Those peculiarities observed in the parents are in all their details witnessed in the guinea-pigs hereditarily born toeless, who have developed epileptic phenomena. In Dupuy’s cases not only is the epileptic tendency (of which Weismann gives a wholly imaginative microbic explanation) inherited, but the very stigmata (loss of toes) which mark development of the parental epilepsy.

E. D. Cope’s[77]careful studies of the effects of impacts and strains on the feet of mammals are testimony difficult for Weismann to explain, since they also meet his requirements.

Weismann’s admission of the inheritance of a tuberculous habit must logically, from the standpoint of degeneracy, be regarded as destroying his claims.

Kiernan has observed the case of a female cat in which brain mutilation had been induced to secure secondary cerebro-spinal degenerations. The mutilations were made under antiseptic precautions. The descendants of this cat had traces of the mutilation, and its results until the fourth generation, when the breed became extinct. This instance certainly fulfils all Weismann requirements.

In the Lambert family a skin deformity, the last result of degeneracy in previous generations, was transmitted. This peculiarity appeared first, according to Proctor,[78]in the person of Edward Lambert, whose whole body, except his face, the palms of the hands and the soles of the feet, was covered with a horny excrescence. He was the father of six children, all of whom as soon as they had reached the age of six weeks presented the same peculiarity. The only one of them who lived transmitted the peculiarity to all his sons. For five generations all the male members of the family were distinguished by the horny excrescence which had adorned the body of Edward Lambert.

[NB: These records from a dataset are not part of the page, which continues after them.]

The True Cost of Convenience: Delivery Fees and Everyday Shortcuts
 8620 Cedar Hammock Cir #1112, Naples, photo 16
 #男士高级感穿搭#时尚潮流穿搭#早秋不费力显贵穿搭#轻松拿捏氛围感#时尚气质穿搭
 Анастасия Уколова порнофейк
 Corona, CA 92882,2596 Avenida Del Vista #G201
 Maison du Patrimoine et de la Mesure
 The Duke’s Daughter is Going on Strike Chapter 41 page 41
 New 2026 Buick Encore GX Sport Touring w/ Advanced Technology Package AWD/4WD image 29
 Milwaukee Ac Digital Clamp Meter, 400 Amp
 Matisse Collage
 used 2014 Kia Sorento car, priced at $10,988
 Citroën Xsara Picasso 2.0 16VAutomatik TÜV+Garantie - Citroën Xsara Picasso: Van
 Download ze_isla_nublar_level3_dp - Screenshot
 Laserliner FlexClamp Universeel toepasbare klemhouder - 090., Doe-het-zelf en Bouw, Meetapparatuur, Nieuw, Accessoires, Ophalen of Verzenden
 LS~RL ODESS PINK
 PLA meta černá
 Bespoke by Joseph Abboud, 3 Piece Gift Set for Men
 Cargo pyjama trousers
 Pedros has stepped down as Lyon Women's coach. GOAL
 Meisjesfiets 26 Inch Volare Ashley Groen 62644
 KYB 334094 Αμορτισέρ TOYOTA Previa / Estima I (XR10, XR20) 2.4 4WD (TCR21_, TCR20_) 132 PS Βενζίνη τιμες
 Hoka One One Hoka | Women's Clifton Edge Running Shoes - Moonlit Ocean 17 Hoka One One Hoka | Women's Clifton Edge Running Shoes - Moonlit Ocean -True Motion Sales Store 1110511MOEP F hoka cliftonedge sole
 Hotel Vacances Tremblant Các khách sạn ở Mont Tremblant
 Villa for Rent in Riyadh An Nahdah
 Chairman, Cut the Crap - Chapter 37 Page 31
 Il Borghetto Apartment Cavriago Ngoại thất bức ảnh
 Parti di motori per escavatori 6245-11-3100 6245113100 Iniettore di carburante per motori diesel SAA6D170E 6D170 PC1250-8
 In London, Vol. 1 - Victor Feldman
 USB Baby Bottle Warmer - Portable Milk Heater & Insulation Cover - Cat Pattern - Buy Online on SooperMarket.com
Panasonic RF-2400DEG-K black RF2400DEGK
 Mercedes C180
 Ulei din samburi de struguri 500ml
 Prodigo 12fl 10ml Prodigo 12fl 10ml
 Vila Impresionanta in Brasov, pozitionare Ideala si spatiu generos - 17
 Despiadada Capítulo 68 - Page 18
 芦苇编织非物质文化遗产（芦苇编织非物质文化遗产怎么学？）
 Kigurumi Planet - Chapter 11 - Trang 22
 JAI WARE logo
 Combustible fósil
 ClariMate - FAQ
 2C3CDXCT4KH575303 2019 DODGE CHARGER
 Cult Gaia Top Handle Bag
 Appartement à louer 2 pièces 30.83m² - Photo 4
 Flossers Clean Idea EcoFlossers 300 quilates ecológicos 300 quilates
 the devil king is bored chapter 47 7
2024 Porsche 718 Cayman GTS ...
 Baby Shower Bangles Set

Shwe-Maong, one of the hairless Burmese, when thirty years old had his whole body covered with silky hairs, which attained a length of nearly five inches on the shoulders and spine. He had four daughters, but only one of them resembled him. She had a son who was hairy like his grandfather. The case of this family illustrates rather curiously the relation between the hair and teeth; for Shwe-Maong retained his milk teeth till he was twenty (when he attained puberty); then they were replaced by nine teeth only, five in the upper and four in the lowerjaw. Eight of these were incisors, the ninth (in the upper jaw) being a cuspid tooth.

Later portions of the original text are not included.